In a fascinating case, the High Court provided guidance on when legal professional privilege will not apply due to a party committing an 'iniquity' by providing false information to their solicitors and abusing the benefits of privilege.
A has been involved in significant ongoing litigation regarding his alleged siphoning of $6 billion of assets from a bank of which he was chairman. These assets had been transferred to a large number of companies and individuals in order to conceal their whereabouts and ownership. Over the course of the proceedings he instructed three different firms of solicitors, all of whom were in possession of a huge volume of documents relating to his assets. The court held that A had attempted to deceive all three firms as to the extent of his assets and about companies of which he was the beneficial owner. The claimant bank sought disclosure of the documents in the solicitors' possession. The court had to decide whether the documents were privileged
In holding that they were not privileged, the judge cited a long (and occasionally ancient) line of authority to the effect that privilege does not exist where a party has used their solicitors (knowingly or unknowingly) to commit an 'iniquity'. The fact that privilege necessarily requires confidentiality was crucial to the judge's reasoning. Popplewell J summarised the position thus:
'In the 'ordinary run' of criminal cases the solicitor will be acting in the ordinary course of professional engagement, and the client doing no more than using him to provide the services inherent in the proper fulfilment of such engagement, even where in denying the crime the defendant puts forward what the jury finds to be a bogus defence.
But where in civil proceedings there is deception of the solicitors in order to use them as an instrument to perpetrate a substantial fraud on the other party and the court, that may well be indicative of a lack of confidentiality which is the essential prerequisite for the attachment of legal professional privilege. The deception of the solicitors, and therefore the abuse of the normal solicitor/client relationship, will often be the hallmark of iniquity which negates the privilege.'
That analysis was not inconsistent with rights under the ECHR and the European jurisprudence in relation to lawyer/client privilege. Where there was an abuse of the relationship, interference with Article 8 rights was justified where proportionate. Privilege in communications with lawyers also potentially engaged the right to a fair trial under Article 6, but it was self-evident that Article 6 rights could not be invoked to protect communications in furtherance of a purpose which was the very opposite of securing a fair trial.

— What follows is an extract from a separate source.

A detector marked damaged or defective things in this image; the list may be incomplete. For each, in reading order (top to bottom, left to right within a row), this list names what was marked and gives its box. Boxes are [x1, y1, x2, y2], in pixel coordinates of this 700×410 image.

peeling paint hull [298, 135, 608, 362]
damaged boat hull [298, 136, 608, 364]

The case is complex and is illustrative of the fact that in the 'ordinary run of things' clients may lie to their solicitors routinely in advancing a case and a defence. This is arguably an essential component of an adversarial system. On any given set of facts, it may not be easy to work out whether a party's conduct goes beyond this to being so egregious, misleading and abusive as to amount to an iniquity. It is not yet clear whether the judgment will be appealed.